Editor’s Note: In this series of articles, colleagues and friends of Tulane University President Scott Cowen write a remembrance of their work with him. Law professor Paul Barron recalls the traumatic period after Hurricane Katrina, when he took on the additional roles of interim provost, university marshal and chief information officer.
Law professor Paul Barron filled many roles at President Cowen’s request during and after Hurricane Katrina, including the job of university marshal during the Tulane Commencement Ceremony. (Photo by Paula Burch-Celentano)
I am sure that many of the people who provide memories of Scott Cowen’s presidency relate to Hurricane Katrina. I was privileged to work closely with the Tulane team as we resurrected Tulane and New Orleans.
Clearly, Scott was at the forefront of that work.
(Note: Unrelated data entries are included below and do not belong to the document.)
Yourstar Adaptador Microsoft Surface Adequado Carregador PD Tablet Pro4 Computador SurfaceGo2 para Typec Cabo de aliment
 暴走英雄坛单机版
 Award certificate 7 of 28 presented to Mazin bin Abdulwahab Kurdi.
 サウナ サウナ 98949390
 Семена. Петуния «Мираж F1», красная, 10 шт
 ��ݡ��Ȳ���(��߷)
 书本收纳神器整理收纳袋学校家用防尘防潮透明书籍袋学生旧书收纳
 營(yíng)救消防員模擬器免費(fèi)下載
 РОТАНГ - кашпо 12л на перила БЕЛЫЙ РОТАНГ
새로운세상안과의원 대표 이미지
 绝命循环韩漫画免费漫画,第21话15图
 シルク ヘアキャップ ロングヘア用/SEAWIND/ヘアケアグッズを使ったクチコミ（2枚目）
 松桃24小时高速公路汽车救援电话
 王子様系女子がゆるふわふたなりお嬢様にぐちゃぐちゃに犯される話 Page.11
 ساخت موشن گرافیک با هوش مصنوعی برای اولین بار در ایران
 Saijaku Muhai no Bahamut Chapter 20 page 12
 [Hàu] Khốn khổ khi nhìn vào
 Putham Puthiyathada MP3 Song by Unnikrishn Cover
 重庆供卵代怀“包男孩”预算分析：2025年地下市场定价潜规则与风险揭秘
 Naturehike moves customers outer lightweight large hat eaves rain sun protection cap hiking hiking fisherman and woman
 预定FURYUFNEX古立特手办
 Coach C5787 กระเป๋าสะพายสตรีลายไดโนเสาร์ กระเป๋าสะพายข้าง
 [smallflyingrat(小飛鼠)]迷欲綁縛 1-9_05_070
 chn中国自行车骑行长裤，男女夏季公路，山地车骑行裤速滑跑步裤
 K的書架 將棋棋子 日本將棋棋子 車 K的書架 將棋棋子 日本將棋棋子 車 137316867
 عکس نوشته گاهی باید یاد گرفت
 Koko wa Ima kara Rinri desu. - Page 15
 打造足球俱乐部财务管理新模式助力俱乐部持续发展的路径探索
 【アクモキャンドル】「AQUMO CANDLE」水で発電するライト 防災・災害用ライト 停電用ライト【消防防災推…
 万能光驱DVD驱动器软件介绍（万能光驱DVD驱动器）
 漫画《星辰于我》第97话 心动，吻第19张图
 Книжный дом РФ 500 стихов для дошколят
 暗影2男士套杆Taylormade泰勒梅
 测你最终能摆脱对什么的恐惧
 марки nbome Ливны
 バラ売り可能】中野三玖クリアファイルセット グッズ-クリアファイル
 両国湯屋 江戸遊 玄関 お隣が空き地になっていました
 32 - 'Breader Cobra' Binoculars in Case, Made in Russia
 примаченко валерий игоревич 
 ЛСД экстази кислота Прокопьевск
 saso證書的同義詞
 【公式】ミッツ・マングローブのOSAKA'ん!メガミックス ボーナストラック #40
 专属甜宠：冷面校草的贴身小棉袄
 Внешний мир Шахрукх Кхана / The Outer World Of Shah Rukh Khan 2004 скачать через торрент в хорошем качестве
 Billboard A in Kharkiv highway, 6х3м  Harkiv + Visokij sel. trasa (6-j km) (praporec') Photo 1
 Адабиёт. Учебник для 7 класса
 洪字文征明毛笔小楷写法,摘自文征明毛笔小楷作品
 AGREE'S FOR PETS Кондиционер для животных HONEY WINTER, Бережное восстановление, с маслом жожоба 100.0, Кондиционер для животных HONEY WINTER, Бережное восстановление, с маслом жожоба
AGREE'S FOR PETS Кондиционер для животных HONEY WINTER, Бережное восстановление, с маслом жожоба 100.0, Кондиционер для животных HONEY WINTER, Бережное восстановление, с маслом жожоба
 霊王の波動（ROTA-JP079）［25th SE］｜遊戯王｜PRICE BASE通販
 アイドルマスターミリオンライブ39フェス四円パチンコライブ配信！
When all of us worried about whether we would succeed, Scott never wavered in telling us over and over that he was not worried that we would do so.
When we had returned to New Orleans, he confided to me that he, too, was worried that we would succeed, even though he never showed that.
I think that this was the hallmark of a true leader. He convinced me and the rest of us that his vision was ours. For me, he taught me many things in the time I worked with him, but the lessons during Katrina were the greatest.
I am very lucky to have worked for Scott, to be his colleague, to be his mentor, and most importantly, to be his friend. These memories will stay with me forever.